Pierre Bourdieu, dans le Sens Pratique a écrit :L'hexis corporelle est la mythologie politique réalisée, incorporée, devenue disposition permanente, manière durable de se tenir, de parler, de marcher, et, par là, de sentir et de penser
Donc lorsque que tu dis que tu penses/parles/agis à partir de ton corps d'homme, cela signifie simplement que l'identité masculine inscrite en toi détermine ton comportement. Ok, mais cette identité, ce construit social, n'est rien d'autre que ce que t'a imposé notre société patriarcale. En particulier dans les domaines du fantasmes et du plaisir. Ces domaines -- en matière de sexualité hétérosexuelle (c'est sans doute comparable ou du moins cela met en jeu des mécanismes similaires pour la sexualité homosexuelle mais je ne me sens ni compétent ni légitime pour en parler), en tant qu'il constitue un rapport à l'autre, basé sur le consentement, où, en l’occurrence, pour nous, en tant qu'homme, l'autre est une femme -- ne peuvent être extraits de la question plus générale des rapports homme/femme dans la société dans son ensemble. Et donc une réflexion générale sur ces rapports sociaux sexués et sexuels n'est pas superflue.

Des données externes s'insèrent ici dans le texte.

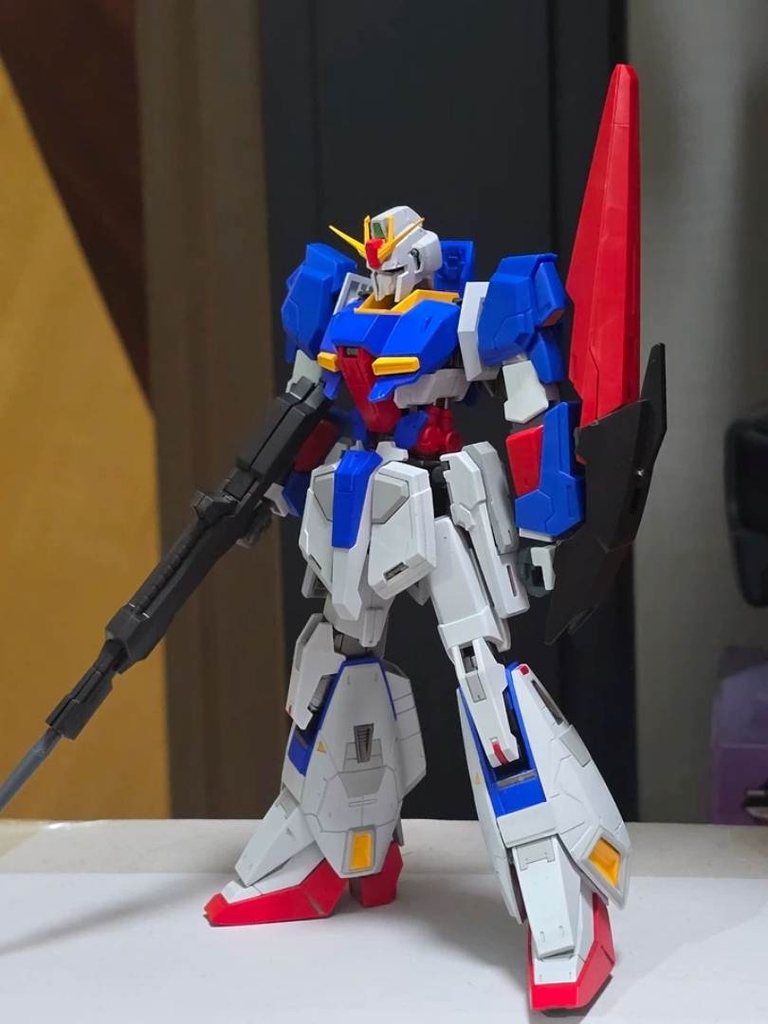 Mô hình lắp ráp HG 1/144 MSZ-006 Zeta - JMS Model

Pour faire contrepoint à ma première phrase et malgré la tonalité critique de mon discours, je terminerais sur une touche positive: quelque soit nos divergences dans l'approche du féminisme on peut facilement se mettre d'accord sur un certain nombre de mesures à faire rentrer au programme. Je voterais sans aucun doute les différentes mesures que tu as proposé.